Before I get to the major candidates, a major spoiler (or buzzkill). Moving faster than the speed of light enables causal violation1—effects preceding causes—and the chronology protection conjecture (a hypothesis proposed by Stephen Hawking) prevents this.
TL;DR1: if Stephen Hawking is right, then faster-than-light travel is not possible;
Personally, though, I think that if faster-than-light travel is used between star systems—that is, systems several lightyears apart—then causal violations are still prevented. Also, there is the idea that a time traveller is taken to a parallel Universe while their original timeline remains intact.
TL;DR2: if David Deutsch is right2, then faster-than-light travel is still possible;
Having gotten that out of the way, here are the possible ways in which the speed of light in a vacuum can be either increased or bypassed3 (also note that there are a few interesting interlinks between the methods, which I will highlight):
Inside Casimir Plates;
Tachyons;
Quantum Tunnelling;
Quantum Entanglement;
Alcubierre Drive;
Wormholes;
Inside Casimir Plates:

Even in the vacuum of space photons—particles travelling with the speed of light in a vacuum—experience resistance. Which resistance?, you ask. The vacuum of space is not empty, but filled with virtual particles that pop into existence by dint of Heisenberg’s Uncertainty Principle, a process called ‘vacuum fluctuations’. The Dutch physicist Hendrik Casimir proposed—together with Dirk Polder—the Casimir Effect which predicts that two uncharged plates that are kept a few nanometres apart will experience a force that tries to push them together.
Due to their close approximation, the vacuum between the two plates only allows a certain type of virtual particles to pop into existence, meaning the vacuum between the plates has fewer virtual particles than the vacuum outside these plates.
Casimir proposed it in 1948. Subsequently, experiments have measured the force within 5% of the value predicted by the theory. Therefore, light does indeed go faster between Casimir plates. It has been dubbed ‘the light velocity Casimir Effect’ or ‘the Scharnhorst Effect’.
However, before anybody becomes excited, the effect is truly minuscule; that is, if the plates are placed 1 micrometre apart, the increase of light speed is only about one part in 1036 . This is so small that current technology cannot even measure it. So:
Advantage: It’s true!
Disadvantage: a nano-starship travelling at light speed between Casimir plates kept one micrometre apart stretching all the way from Sol to Alpha Centauri will arrive 1.3 x 10-29 seconds before a similar one travelling the normal interstellar vacuum4.
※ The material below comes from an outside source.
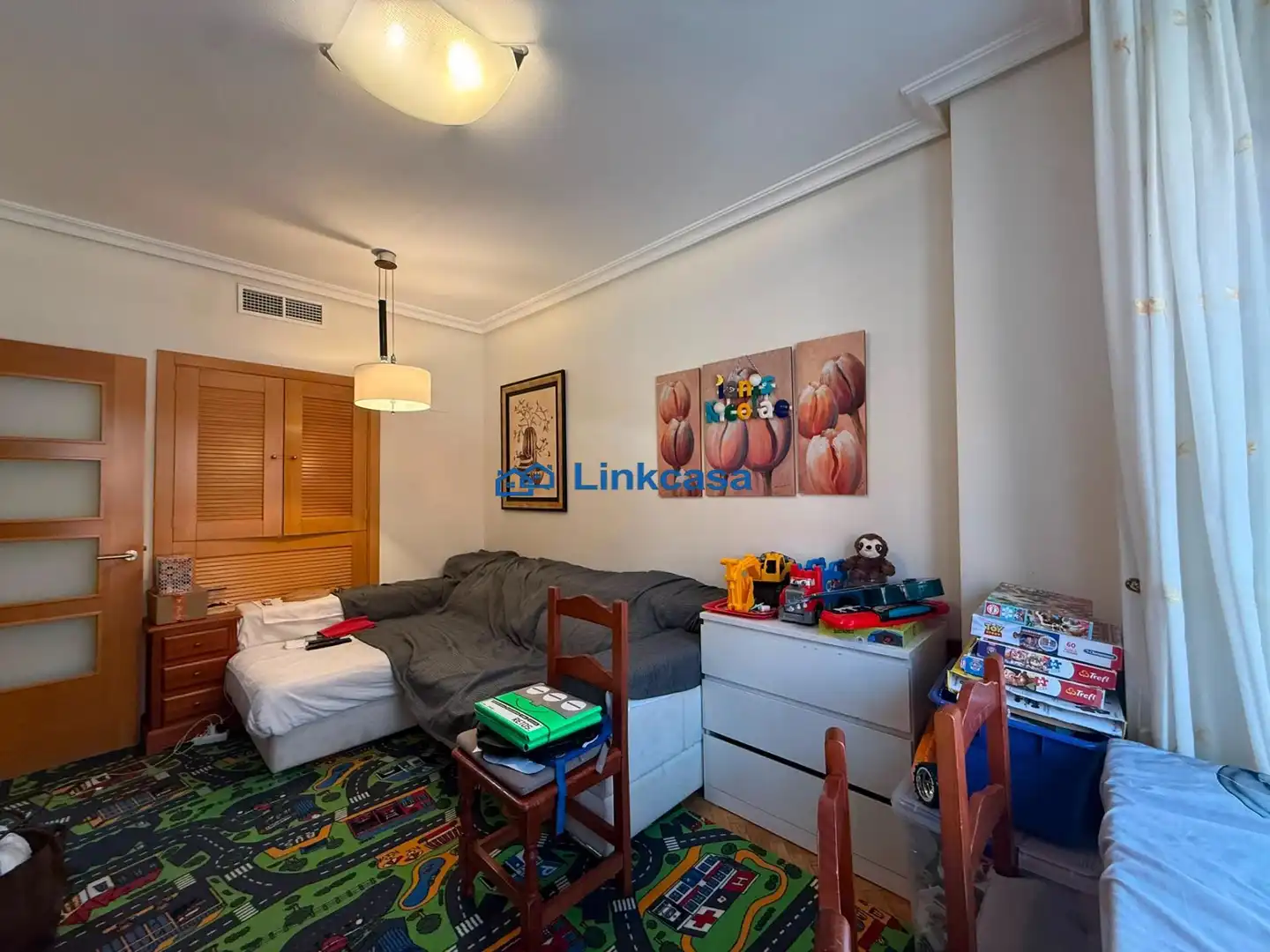 Sala de estar de Piso en venta en Madrid con Calefacción, Trastero y Piscina comunitaria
Conclusion: impractical for interstellar travel. However, Casimir Plates—especially when travelling close to the speed of light—might have some other interesting properties that might be utilised (I’m speculating about this in my novel “The Transcendence of Consensual Reality”).
Tachyons:

Tachyons are hypothetical particles that cannot move faster than the speed of light; that is, the speed of light is their minimal speed (if they have infinite mass) while there is no limit to their maximum speed (if they have zero mass).
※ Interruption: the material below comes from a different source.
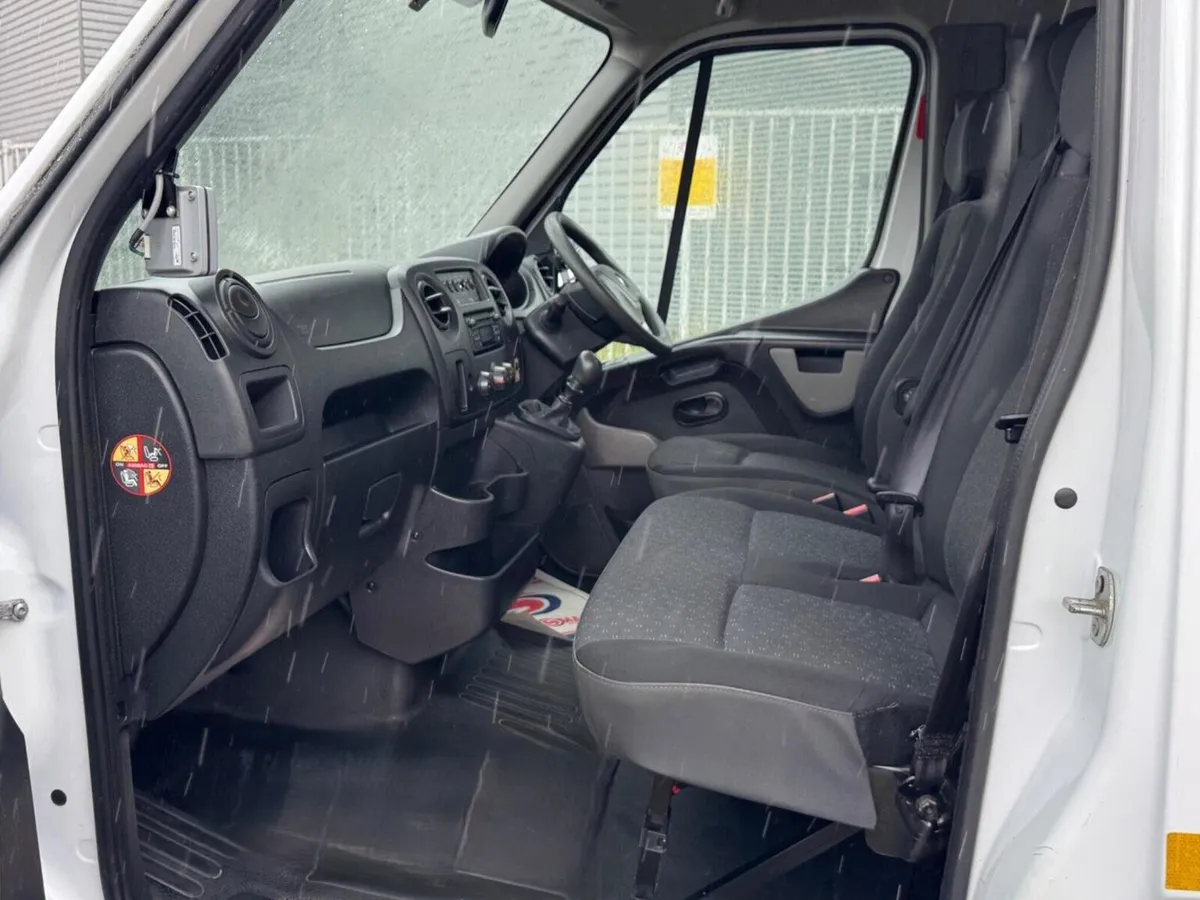 2018 Vauxhall Movano Dropside Van - Image 3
Tachyons have been used as faster-than-light communication in Frank Herbert’s Dune, Dan Simmons’s Hyperion, in Gregory Benford’s Timescape—probably the usage closest to possible by science as we know it—and in Robert J. Sawyer’s Flashforward, amongst others.
Unfortunately, no physical evidence for the existence of tachyons has been found, to date. However, since in modern physics all fundamental particles are regarded as excitations of quantum fields, tachyons could be viewed as excitations of a Lorentz invariant quantum field with imaginary mass. However, such an excitation is unstable and leads to tachyon condensation, and all known tachyon condensation events are cases of spontaneous symmetry breaking. Confused? So am I, but what I do understand is that neither of these break the speed of light, nor violate causality5.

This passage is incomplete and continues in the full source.